Many Muslims may not realise that by fostering a child they are following a Sunnah of the beloved Prophet Muhammad (peace be upon him). Therefore fostering should be encourage in the Muslim community to help diversify foster parents in today’s society who want to offer a loving and stable home for a foster child.

There is a staggering number of Muslim children that are placed into care and in urgent need of foster carers that can meet their religious, cultural and emotional needs.

A new report on Muslim fostering was conducted by the Muslim Foster Project and was led by The Fostering Network in partnership with Mercy Mission UK and funded by the Better Communities Business Network.

In 2017, Mercy Mission and The Fostering Network with the support Better Communities Business Network (BCBN) launched the Muslim Fostering Project. The Fostering Network carried out a detailed study of understanding the barriers to recruiting Muslim foster carers. Internal release the importance of the report snippets out of the report.

The report highlighted how 80% of applicants from the Muslim community did not go past the initial hiring stage to foster a child and in some areas up to 90% of Muslim children are were placed away from their faith group.

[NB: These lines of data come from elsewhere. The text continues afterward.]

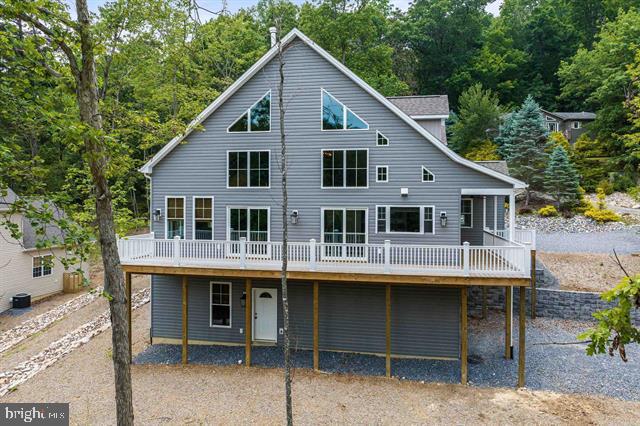 MASSANUTTEN - Residential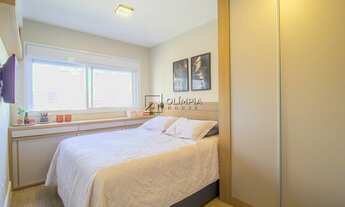 Imagem 4: Apartamento Locação 2 Dormitórios - 61 m² Chácara Santo Antônio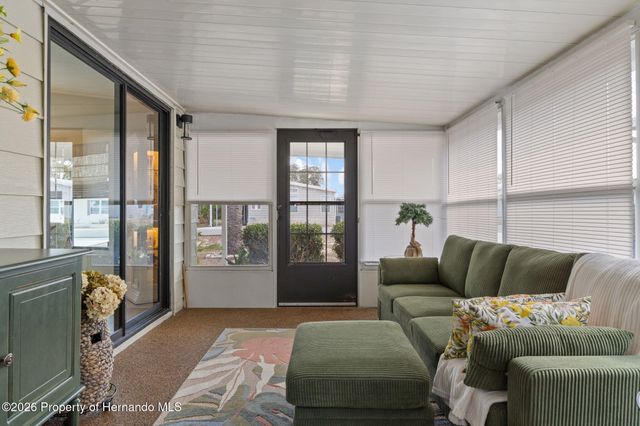 8257 Fiesta Street, Brooksville, FL 34613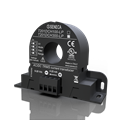 Seneca T201DCH300-LP AC/DC contactless TRMS current (± 300 A) transducer, Hall Effect with 420 mA AO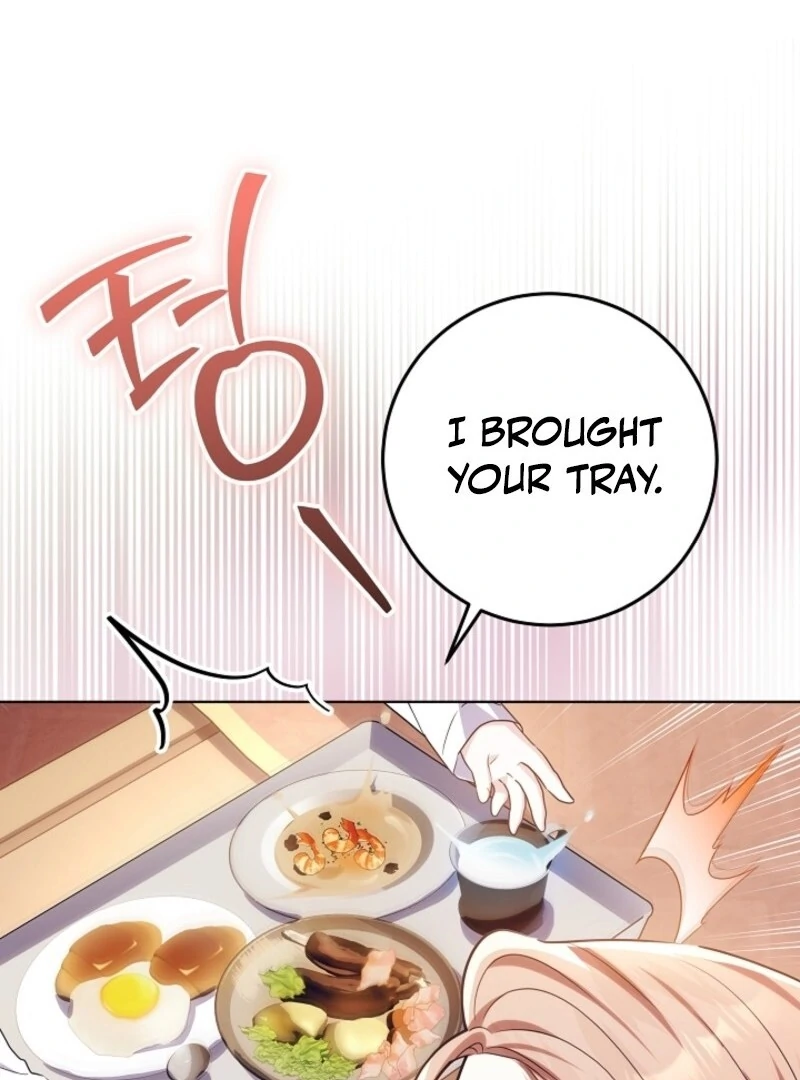 My Daddy Hides His Power Chapter 49 - Page 106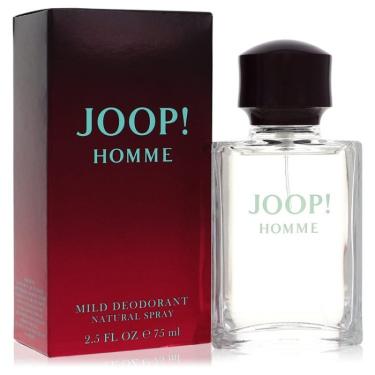 Imagem de Perfume Masculino Joop! 25 ML Desodorante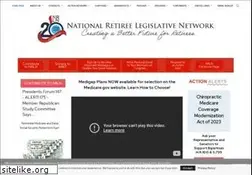 Sites similar to nrln.org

The situation is one that is dire and has further exacerbated by the refugee crisis that has hit Europe. Many Muslims are unaware that they have the potential to make a huge difference to a child’s life by creating a ‘home’ from home for a child.

Heartbreakingly, conflict in war-affected countries has resulted in a large number of Muslim children being left without anyone to care for them. Many children have walked thousands of miles, watched their parents suffer and even die, arrive in the UK, to strangers speaking a different language, with a different culture, religion and values.

Despite the fact that the UK has a large Muslim population, children are continued to be placed in homes that do not support the child’s religious and cultural needs and this affects the child’s ability to relate and nurture their true identity.

It is very important that there are a diverse range of homes from different backgrounds and faiths that are ready to welcome a foster a child and it is also important for there to be Muslim foster carers to cater for the needs of those children who have been brought up in the Muslim faith and want to be able to relate and practice their religion freely and comfortably.